Bartholomew County residents have a great opportunity to offer ideas and shape the community in which they live by participating on a committee that will evaluate local livestock regulations — including confined animal feeding operations.
County officials wisely formed the committee after the county’s Board of Zoning Appeals approved William Gelfius’ request to seek approval of a hog-growing operation near Anderson Falls Park, a nature preserve considered a community gem.
Gelfius withdrew a request for a zoning exception for an 8,800-hog operation after encountering intense opposition.
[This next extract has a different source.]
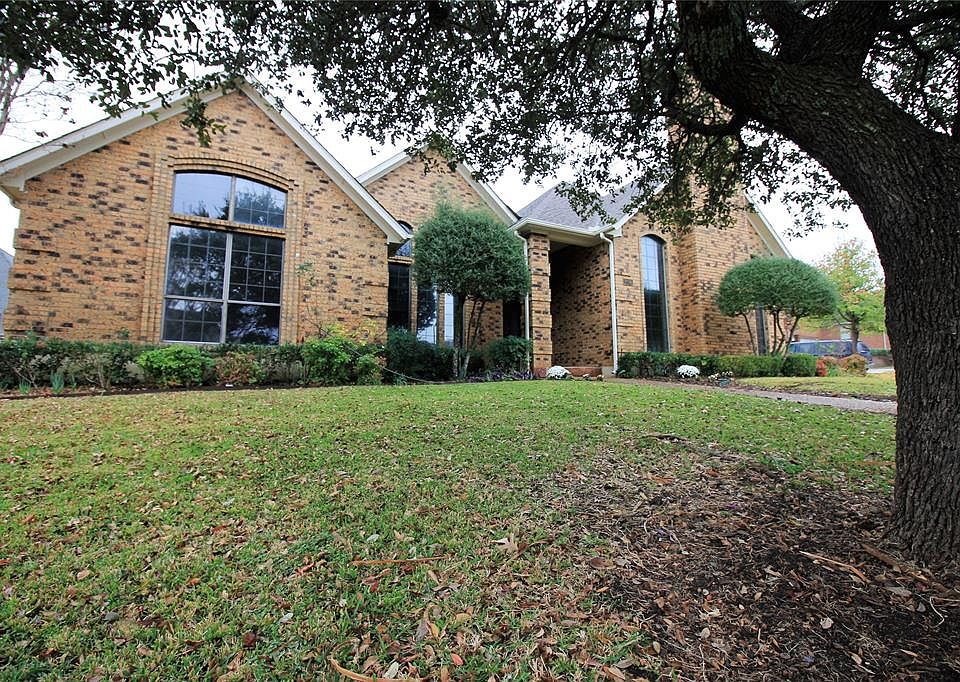 1st image of 2206 Shari Ln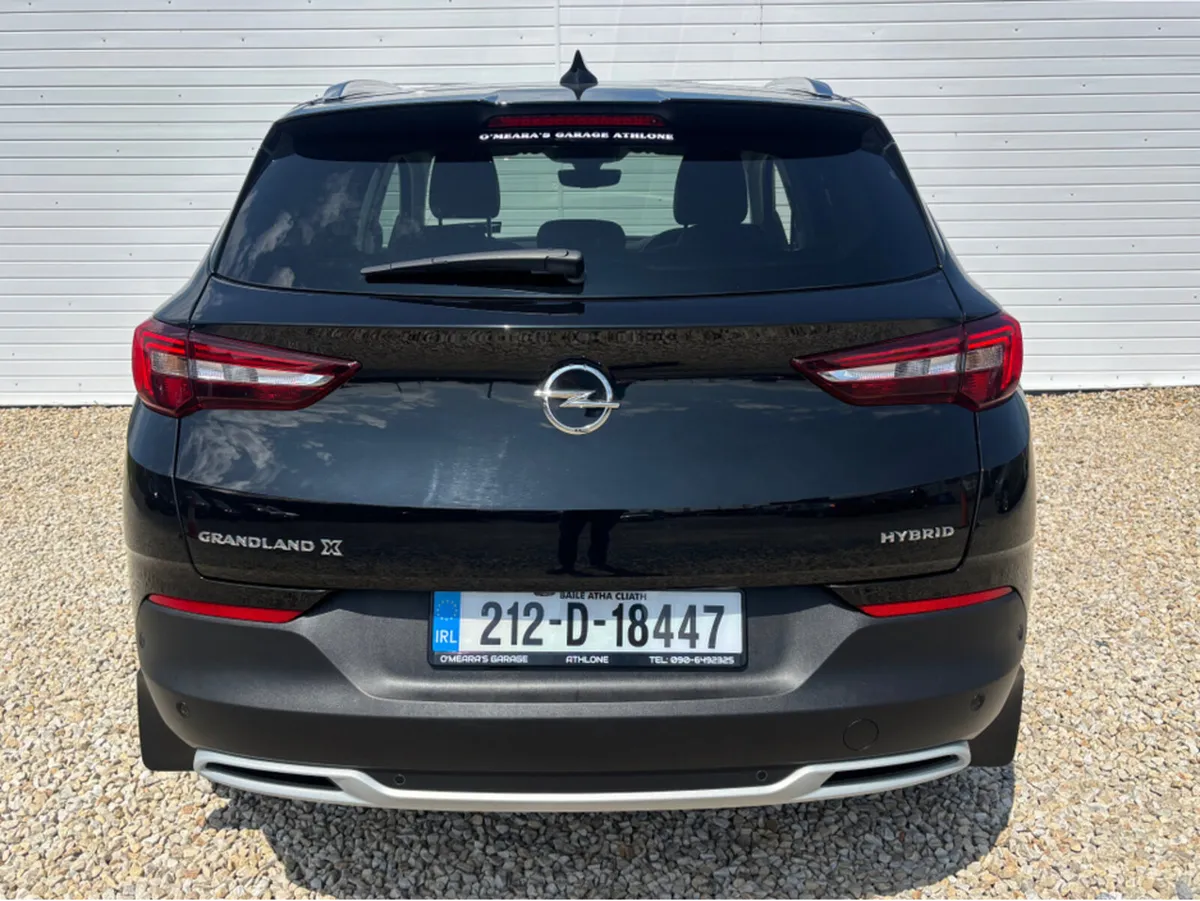 Opel Grandland X SRI PHEV-1.6 225HP 225HP-8SP AUTO - Image 2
He’s now seeking a 4,400-head hog operation at his farm along East County Road 200N in the eastern part of the county.
Opponents say the new proposal still raises the same concerns, such as possible water contamination, harm to the nature preserve and lowering property values.
The county is home to seven large-scale hog farms, and opponents worry current rules aren’t strict enough to prevent an expansion of these operations.
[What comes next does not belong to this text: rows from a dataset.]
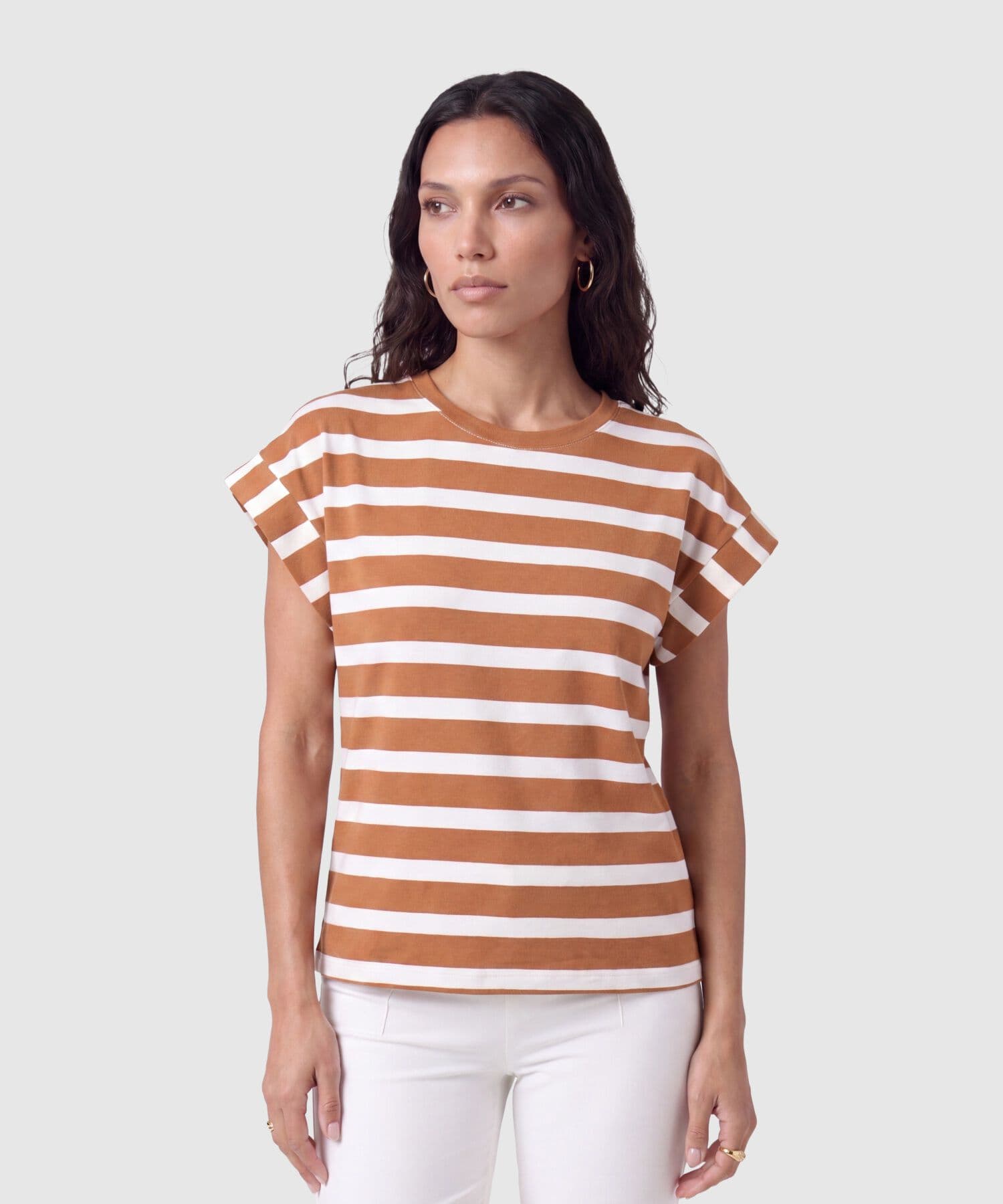 Camiseta Sabana Fluido café para mujer, vista principal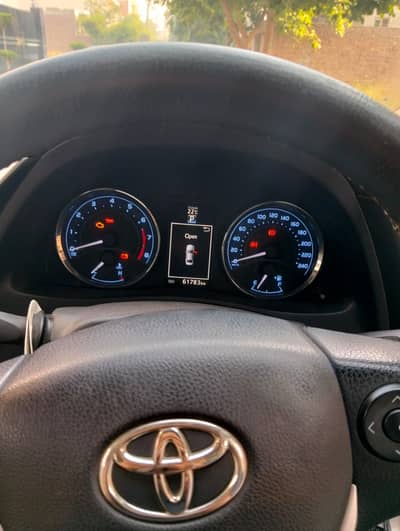 Toyota Corolla Altis 2017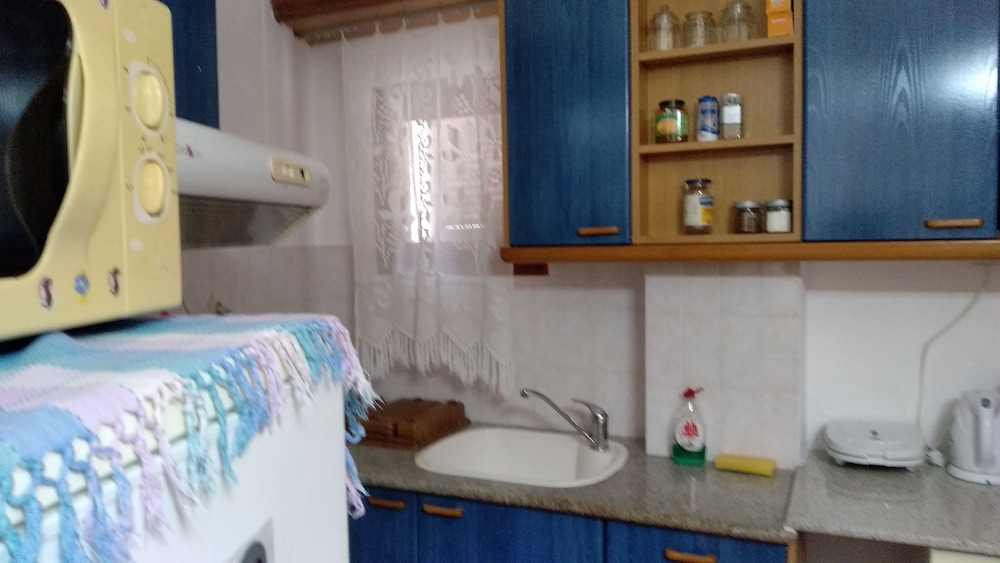 Akti Miaouli Holiday Home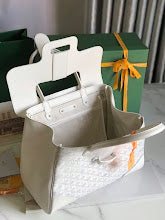 new-luxury-designer-bags-nm8049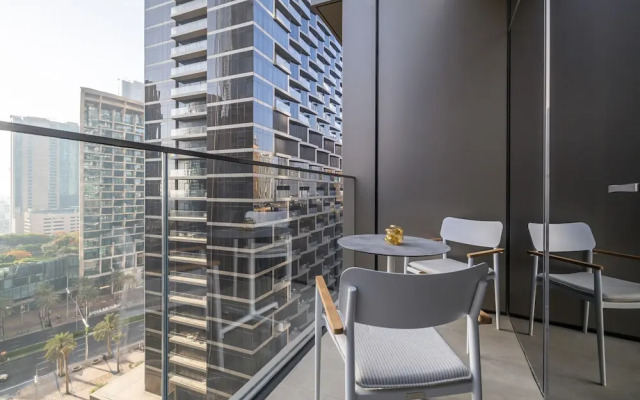 Address Opera 1205 Downtown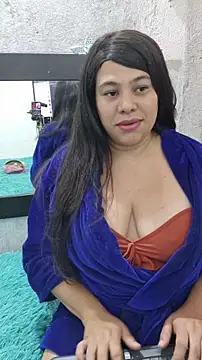 Snapshot of ALMAWHITE chatting on December 5, 2025, 5:00 pm ALMAWHITE online show from December 5, 2025, 5:00 pm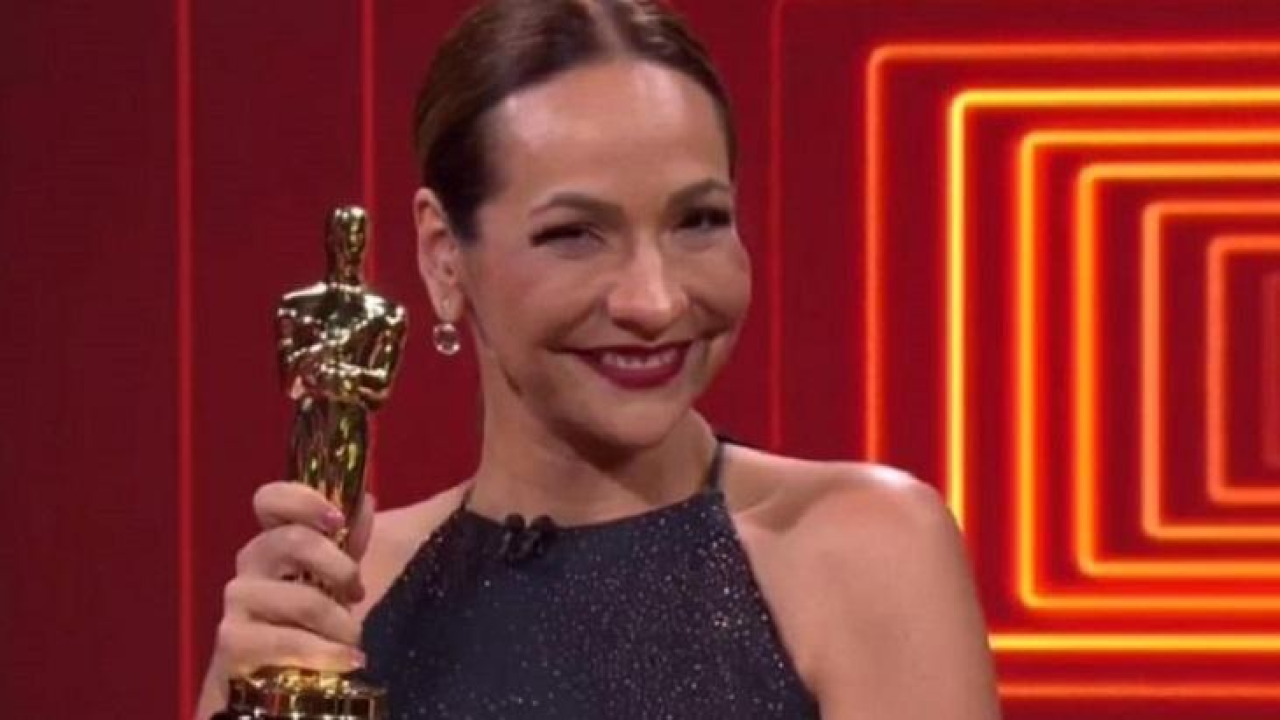 Foto de Maria Beltrão, apresentadora do Oscar na Globo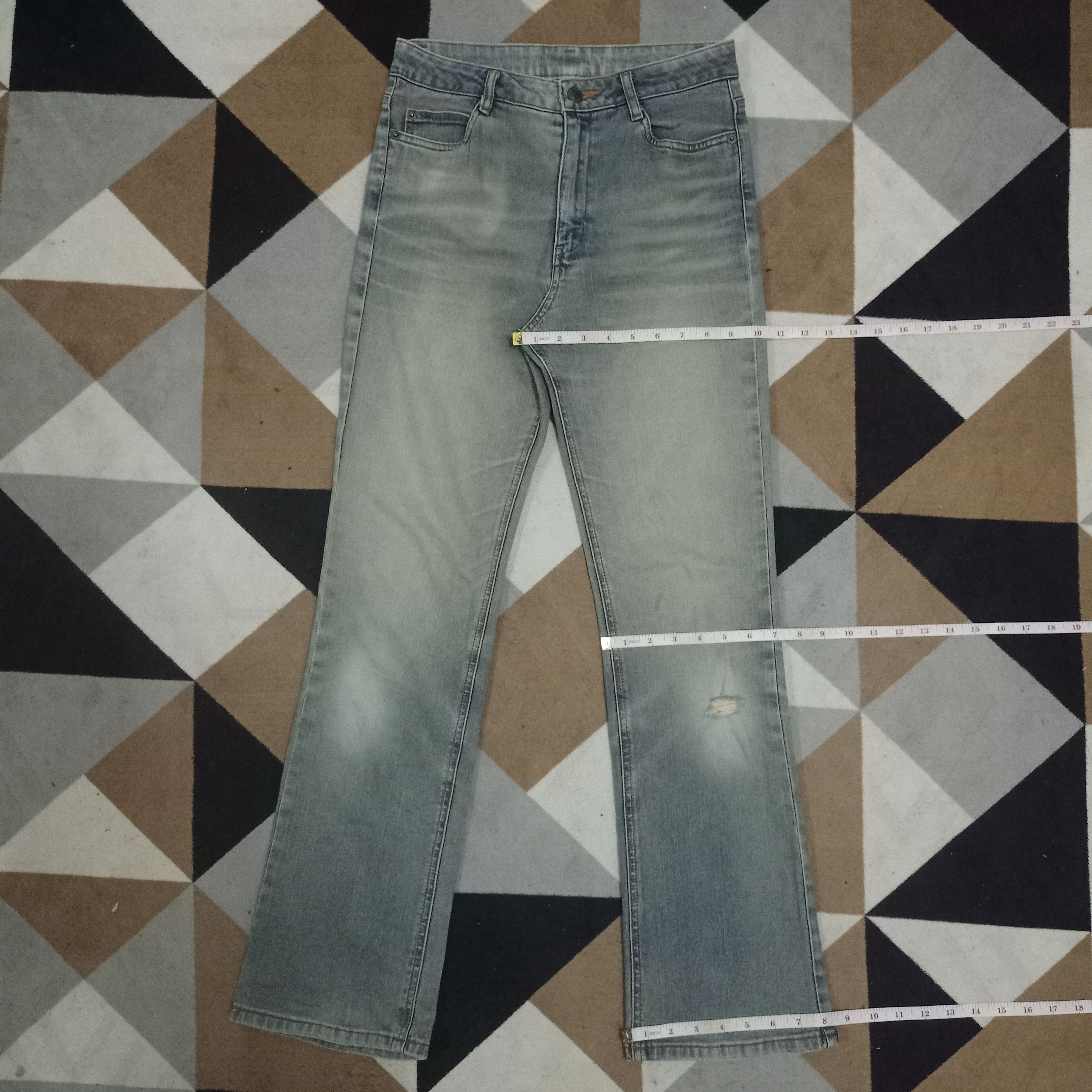 Japanese Brand Vintage Japanese Brand Faded Style Distressed Flare Jeans Size US 28 / EU 44 - 10 Thumbnail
Whether you support or oppose confined animal feeding operations, residents should play a role in determining what they will allow in their community. The formation of this committee will let Bartholomew County strike a balance between property rights and quality of life concerns by neighbors.
Committee members will consider changes to permitted and conditional land uses and lot standards, for example. They’ll weigh whether rules need changing and work with the county’s comprehensive plan, which influences but does not mandate community land use and development decisions.
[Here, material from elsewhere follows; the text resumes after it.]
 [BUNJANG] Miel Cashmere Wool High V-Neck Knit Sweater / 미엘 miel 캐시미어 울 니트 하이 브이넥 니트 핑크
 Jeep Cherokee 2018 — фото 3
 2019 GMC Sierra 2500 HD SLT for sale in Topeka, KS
Equally important, the committee will provide transparency to a permitting process and regulations that aren’t easily understood.
County commissioners want people on the committee who are open-minded and can see and respect all sides of an issue. That’s a fair request considering committee members will be weighing the interests of many people with different opinions.
What’s important is that residents have an opportunity to determine what is the best fit for the county. That’s a benefit to the community.